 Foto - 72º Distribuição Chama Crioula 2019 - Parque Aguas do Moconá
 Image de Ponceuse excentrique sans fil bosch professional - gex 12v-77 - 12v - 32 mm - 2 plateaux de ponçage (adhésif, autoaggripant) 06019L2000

☆ ☆ ☆ ☆ ☆

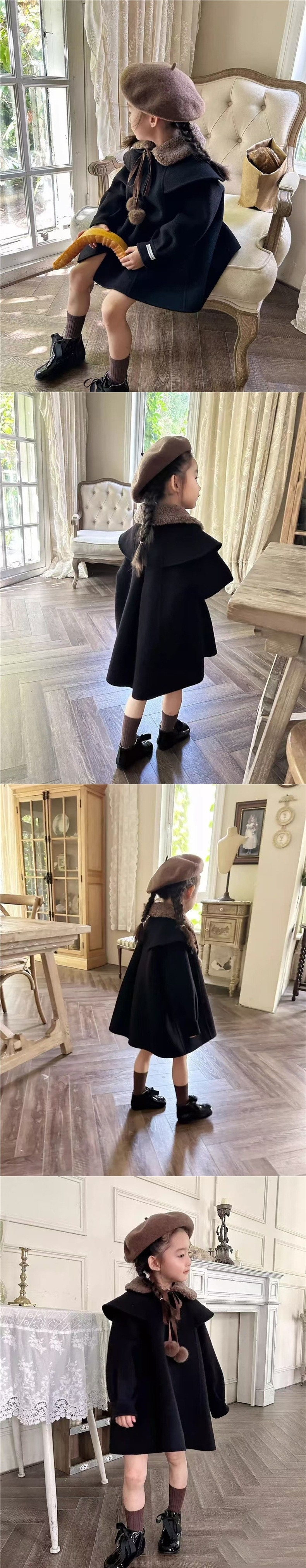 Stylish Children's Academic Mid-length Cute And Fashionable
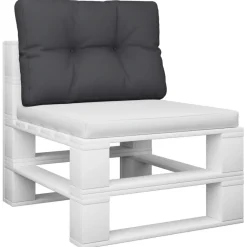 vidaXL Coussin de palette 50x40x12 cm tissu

☆ ☆ ☆ ☆ ☆

▸ **ABOUT THIS TASK**
Look above for the line holding "Foto - 72º Distribuição", then set down exactly that line and every line after it up to and including the line holding "Image de Ponceuse", with nothing else.

▸ **YOUR RESPONSE**
 Foto - 72º Distribuição Chama Crioula 2019 - Parque Aguas do Moconá
 Image de Ponceuse excentrique sans fil bosch professional - gex 12v-77 - 12v - 32 mm - 2 plateaux de ponçage (adhésif, autoaggripant) 06019L2000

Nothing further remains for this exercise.